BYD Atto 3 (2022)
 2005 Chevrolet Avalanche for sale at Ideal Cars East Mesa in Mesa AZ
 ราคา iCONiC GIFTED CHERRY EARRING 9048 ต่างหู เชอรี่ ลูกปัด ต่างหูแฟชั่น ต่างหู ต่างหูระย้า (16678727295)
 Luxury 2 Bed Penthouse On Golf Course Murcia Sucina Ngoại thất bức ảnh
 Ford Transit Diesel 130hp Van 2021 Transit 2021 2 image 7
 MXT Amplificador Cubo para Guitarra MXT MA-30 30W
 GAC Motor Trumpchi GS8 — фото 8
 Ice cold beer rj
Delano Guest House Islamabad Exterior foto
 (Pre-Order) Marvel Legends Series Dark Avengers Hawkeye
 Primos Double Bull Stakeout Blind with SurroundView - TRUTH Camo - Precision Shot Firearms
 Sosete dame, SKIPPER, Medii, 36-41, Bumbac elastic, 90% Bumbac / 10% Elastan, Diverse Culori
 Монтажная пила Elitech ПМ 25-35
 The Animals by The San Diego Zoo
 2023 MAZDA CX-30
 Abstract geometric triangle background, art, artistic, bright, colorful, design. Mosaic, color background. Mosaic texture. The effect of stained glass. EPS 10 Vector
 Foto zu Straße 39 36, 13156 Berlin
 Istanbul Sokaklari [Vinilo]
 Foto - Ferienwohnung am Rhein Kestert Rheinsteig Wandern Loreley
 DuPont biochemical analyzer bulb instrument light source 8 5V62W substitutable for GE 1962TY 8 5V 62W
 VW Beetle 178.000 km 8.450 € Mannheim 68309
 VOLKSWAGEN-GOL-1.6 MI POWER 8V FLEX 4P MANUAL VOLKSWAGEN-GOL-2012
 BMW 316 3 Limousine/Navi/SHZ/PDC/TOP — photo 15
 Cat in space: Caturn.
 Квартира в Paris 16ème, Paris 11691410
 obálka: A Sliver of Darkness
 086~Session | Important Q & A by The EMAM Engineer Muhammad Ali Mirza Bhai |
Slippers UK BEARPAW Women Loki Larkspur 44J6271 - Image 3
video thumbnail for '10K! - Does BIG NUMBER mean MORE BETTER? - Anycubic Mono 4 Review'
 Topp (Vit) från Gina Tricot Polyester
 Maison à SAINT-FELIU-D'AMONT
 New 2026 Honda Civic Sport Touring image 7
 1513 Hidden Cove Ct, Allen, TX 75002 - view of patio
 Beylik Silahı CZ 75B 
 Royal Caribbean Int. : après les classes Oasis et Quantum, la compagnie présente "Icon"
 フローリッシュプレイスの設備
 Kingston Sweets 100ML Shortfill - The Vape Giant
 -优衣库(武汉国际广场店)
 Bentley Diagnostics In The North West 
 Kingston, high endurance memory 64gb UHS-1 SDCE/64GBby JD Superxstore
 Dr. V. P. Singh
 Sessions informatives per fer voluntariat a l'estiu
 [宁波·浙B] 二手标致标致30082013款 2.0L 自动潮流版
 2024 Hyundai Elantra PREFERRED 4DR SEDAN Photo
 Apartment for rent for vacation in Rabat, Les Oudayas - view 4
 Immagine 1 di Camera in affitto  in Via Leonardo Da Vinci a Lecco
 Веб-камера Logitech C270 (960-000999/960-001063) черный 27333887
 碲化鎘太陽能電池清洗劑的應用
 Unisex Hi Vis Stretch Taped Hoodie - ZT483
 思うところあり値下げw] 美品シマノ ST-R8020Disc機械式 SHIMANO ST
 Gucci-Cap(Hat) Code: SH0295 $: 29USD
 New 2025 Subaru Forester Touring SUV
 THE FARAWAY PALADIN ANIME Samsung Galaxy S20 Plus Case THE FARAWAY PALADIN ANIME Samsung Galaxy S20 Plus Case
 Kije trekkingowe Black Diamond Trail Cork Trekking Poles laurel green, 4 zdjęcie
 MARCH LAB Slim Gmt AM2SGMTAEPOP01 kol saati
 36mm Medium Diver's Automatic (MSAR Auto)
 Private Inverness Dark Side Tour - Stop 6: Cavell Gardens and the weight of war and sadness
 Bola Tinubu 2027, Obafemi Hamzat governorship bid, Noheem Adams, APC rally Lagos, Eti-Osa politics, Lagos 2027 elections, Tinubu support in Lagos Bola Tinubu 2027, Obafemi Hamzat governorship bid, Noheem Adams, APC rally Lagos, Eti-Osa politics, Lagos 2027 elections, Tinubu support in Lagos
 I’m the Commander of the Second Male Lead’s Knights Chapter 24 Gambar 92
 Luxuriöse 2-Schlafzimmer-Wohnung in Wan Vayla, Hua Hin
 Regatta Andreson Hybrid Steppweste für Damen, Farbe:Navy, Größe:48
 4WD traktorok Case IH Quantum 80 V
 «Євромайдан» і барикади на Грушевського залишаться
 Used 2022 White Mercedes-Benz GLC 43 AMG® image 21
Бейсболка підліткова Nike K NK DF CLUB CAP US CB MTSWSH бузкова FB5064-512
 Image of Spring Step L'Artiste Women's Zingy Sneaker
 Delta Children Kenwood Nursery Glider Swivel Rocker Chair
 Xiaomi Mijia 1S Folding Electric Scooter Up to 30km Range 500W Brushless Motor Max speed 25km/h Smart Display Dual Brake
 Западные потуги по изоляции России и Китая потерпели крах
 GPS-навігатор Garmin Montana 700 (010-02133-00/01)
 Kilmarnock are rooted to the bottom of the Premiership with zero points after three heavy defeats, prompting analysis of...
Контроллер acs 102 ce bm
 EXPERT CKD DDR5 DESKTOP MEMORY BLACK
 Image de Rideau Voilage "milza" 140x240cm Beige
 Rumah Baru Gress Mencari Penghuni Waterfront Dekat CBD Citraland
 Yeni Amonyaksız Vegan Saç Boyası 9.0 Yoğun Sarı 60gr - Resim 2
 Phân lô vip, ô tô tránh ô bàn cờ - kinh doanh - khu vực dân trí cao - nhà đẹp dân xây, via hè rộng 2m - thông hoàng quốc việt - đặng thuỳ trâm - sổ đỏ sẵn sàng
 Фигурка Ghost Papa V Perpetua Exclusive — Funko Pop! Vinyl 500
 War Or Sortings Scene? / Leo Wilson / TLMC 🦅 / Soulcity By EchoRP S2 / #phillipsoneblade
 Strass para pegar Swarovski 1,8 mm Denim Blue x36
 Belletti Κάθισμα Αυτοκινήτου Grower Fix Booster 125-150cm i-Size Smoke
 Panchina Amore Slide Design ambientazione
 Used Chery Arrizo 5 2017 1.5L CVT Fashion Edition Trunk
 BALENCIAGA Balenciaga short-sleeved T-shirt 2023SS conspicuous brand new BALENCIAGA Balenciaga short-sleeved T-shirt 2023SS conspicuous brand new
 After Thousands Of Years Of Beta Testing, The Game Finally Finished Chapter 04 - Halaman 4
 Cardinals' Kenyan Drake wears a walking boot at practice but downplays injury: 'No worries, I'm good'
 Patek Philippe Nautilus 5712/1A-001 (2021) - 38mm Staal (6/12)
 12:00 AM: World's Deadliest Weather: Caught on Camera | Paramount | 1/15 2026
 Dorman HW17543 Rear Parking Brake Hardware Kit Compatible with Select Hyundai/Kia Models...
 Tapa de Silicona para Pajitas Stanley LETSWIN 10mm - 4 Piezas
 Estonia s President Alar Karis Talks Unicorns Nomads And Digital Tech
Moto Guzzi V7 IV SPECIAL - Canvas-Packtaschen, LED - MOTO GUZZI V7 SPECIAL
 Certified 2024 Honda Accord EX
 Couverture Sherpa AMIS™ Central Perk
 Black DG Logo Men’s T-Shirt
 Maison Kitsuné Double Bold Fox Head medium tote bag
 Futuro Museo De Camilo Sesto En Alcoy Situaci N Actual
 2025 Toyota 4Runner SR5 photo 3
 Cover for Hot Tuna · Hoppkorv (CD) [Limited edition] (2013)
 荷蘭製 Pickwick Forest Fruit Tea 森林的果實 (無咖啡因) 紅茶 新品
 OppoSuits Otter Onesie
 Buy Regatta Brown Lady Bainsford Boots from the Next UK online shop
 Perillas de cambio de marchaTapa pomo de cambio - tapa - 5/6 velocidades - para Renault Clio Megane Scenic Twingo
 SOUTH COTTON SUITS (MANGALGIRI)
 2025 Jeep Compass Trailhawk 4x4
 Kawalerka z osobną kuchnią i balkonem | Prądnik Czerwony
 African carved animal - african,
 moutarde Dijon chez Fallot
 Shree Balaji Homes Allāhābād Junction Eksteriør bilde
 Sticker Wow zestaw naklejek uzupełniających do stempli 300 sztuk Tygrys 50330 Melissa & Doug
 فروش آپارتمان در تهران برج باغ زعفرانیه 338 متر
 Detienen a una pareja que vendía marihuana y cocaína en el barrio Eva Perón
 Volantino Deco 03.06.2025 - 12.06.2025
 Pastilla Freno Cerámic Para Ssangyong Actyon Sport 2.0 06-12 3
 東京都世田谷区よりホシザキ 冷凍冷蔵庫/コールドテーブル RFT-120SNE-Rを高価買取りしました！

--------------------

Count how many lines in the entries contain "Chapter", then state that number alone.

SOLUTION FOR THIS PROBLEM | 2